On Mon, Mar 26, 2018 at 9:08 AM Jaime Botello <jbote...@riotgames.com>
wrote:

> Hi Paolo,
>
> Outside access to the environment is going to be difficult since is part
> of our production environment, however, we may be able to arrange some
> remote sessions if that's something that may work.
>
> Having said that, we were able to find a workaround that works as follows:
>
> Since pmacct can't serialize the data to something that pnda.io would
> understand, we set up a logstash instance that serves as message
> translation between pmacct and pnda.io.
>
>
>
> Logstash is configured to use pnda-avro codec plugin that supports
> ArrayByteSerialization.  This seems to be working for now and it will
> provide us with some time to figure out how we can integrate
> pmacct directly with pnda.io so we can increase the overall throughput of
> the system and maximize the efficiency.
>
> If there's any interest in the details, I can share some of the
> documentation we are working on right now.
>
> thank you
>
> --Jaime
>
> On Sat, Mar 24, 2018 at 1:28 PM, Paolo Lucente <pa...@pmacct.net> wrote:
>
>>
>> Hey Jaime,
>>
>> What you say does make sense to me and would be up to this dev. Can i
>> ask you if it would be a possibility to access your deployment (since i
>> do not have the PNDA framework deployed anywhere)? It would make easier
>> development and subsequent testing. If yes, we can follow up privately.
>>
>> Paolo
>>
>>
>> On Wed, Mar 21, 2018 at 07:56:42PM -0700, Jaime Botello wrote:
>> > Hey Paolo,
>> >
>> > I was thinking about this after reading a little bit more on how data is
>> > deserialized by pnda.io
>> >
>> > For example, if I download the file from pnda hdfs and read it using
>> avro
>> > tools, you can see pnda(kafka) was not able to deserialize the data.

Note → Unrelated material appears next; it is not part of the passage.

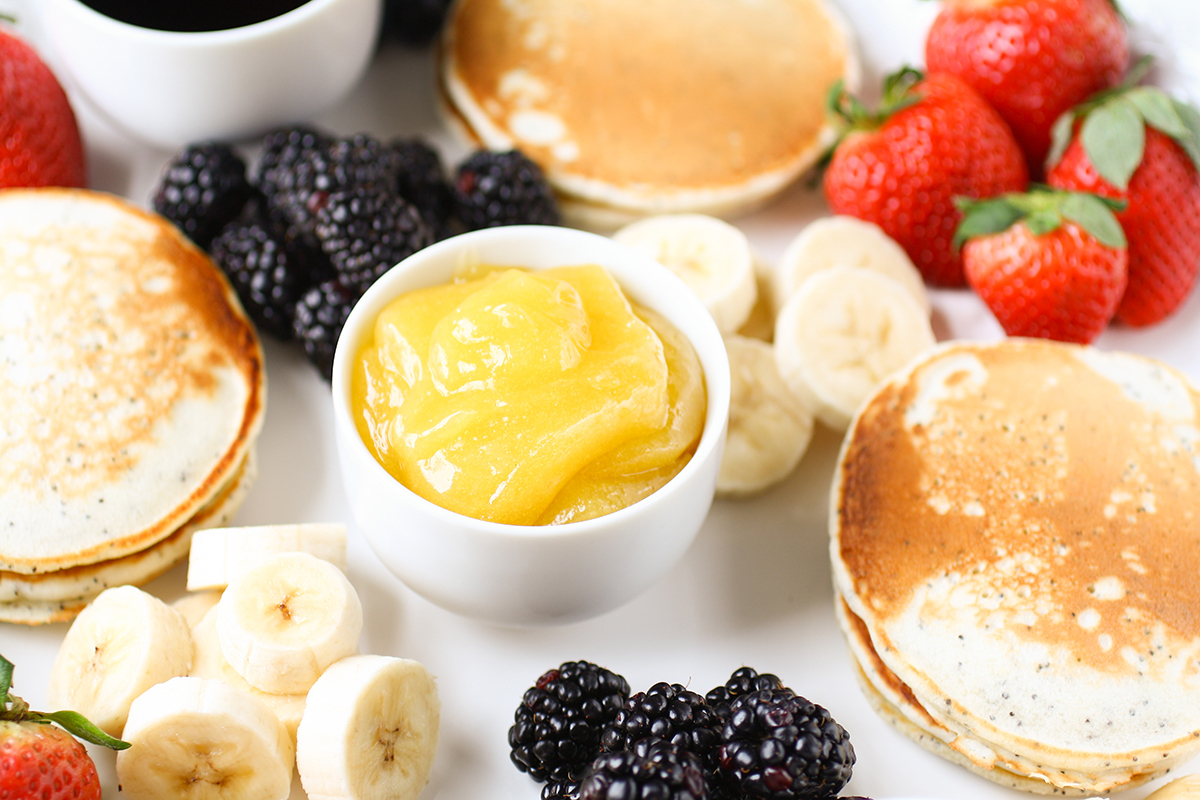 Lemon curd on a pancake bar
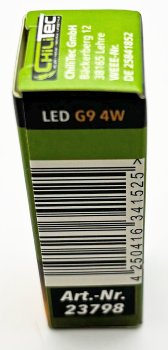LED Stiftsockel G9, 4W, 480lm, dimmbar, 330°, 230V, 3000k / warmweiß, Glas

>> >  Since Pnda use byte array deserialization, and by reading their
>> logstash
>> > integration notes, they clearly mention they use byte array
>> serialization,
>> > don't you think we could fix this by just adding byte array
>> serialization
>> > into pmacct kafka plugin?
>> >
>> > Let me know if this make sense.
>> >
>> > thanks
>> >
>> > ubuntu@ip-10-180-221-47:~/datasets$ java -jar avro-tools-1.8.2.jar
>> tojson
>> > f0f01acf-5011-42ec-90b0-c18f21e4e2ab.avro
>> > log4j:WARN No appenders could be found for logger
>> > (org.apache.hadoop.metrics2.lib.MutableMetricsFactory).
>> > log4j:WARN Please initialize the log4j system properly.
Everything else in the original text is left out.